Backend exited with signal 14?

От
Jeff Boes
Дата:
We had a production server crash last night. The postmaster log is given
below:

2003-05-22 03:16:22 [26031]  DEBUG:  server process (pid 16661) was
terminated by signal 14
2003-05-22 03:16:22 [26031]  DEBUG:  terminating any other active
server processes
2003-05-22 03:16:22 [1472]   NOTICE:  Message from PostgreSQL backend:
        The Postmaster has informed me that some other backend
        died abnormally and possibly corrupted shared memory.
        I have rolled back the current transaction and am
        going to terminate your database system connection and exit.
        Please reconnect to the database system and repeat your query.

... followed, of course, by a whole bunch of other backends exiting.

Signal 14 is SIGALRM. What would cause a PG backend to terminate with
this condition?  As near as we can determine, pid 16661 was associated
with an Apache process on a different box.

Particulars are:

Red Hat Linux release 7.1 (Seawolf)
Kernel 2.4.18-17.7.xbigmem on a 2-processor i686
(4 GB memory)
psql (PostgreSQL) 7.2.4

shared_buffers = 131072
max_fsm_relations = 200
max_fsm_pages = 350000
wal_buffers = 32
sort_mem = 65536
vacuum_mem = 65536
wal_files = 2

--
Jeff Boes                                      vox 269.226.9550 ext 24
Database Engineer                                     fax 269.349.9076
Nexcerpt, Inc.                                 http://www.nexcerpt.com
           ...Nexcerpt... Extend your Expertise

Re: Backend exited with signal 14?

От
Tom Lane
Дата:
Jeff Boes <jboes@nexcerpt.com> writes:
> We had a production server crash last night.

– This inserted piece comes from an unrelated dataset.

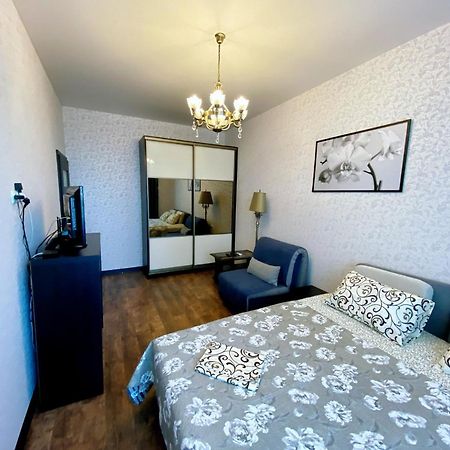 Italian Boulevard Modern Apartment Одеса Екстериор снимка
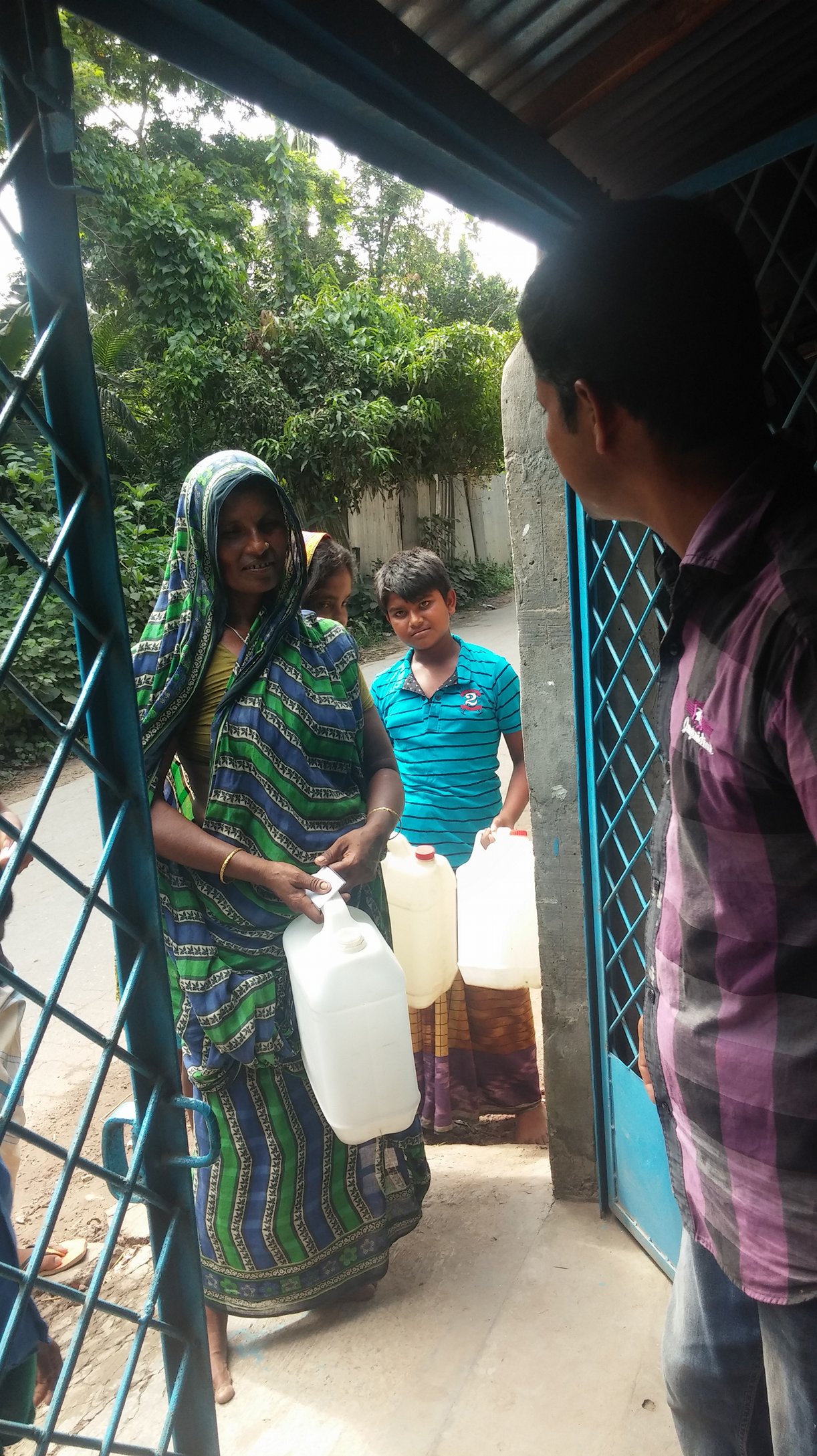 Drinkwell_ Manikganj Customers.jpg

The postmaster log is given
> below:
> 2003-05-22 03:16:22 [26031]  DEBUG:  server process (pid 16661) was
> terminated by signal 14

It's really hard to see how that could happen.  There is no point in the
lifespan of a backend where there is not a valid signal handler for
SIGALRM --- it inherits SIG_IGN from the postmaster, and changes that
to a normal handler routine before it ever enables the alarm anyway.

Color me baffled ... is it possible this is a kernel or glibc bug?

            regards, tom lane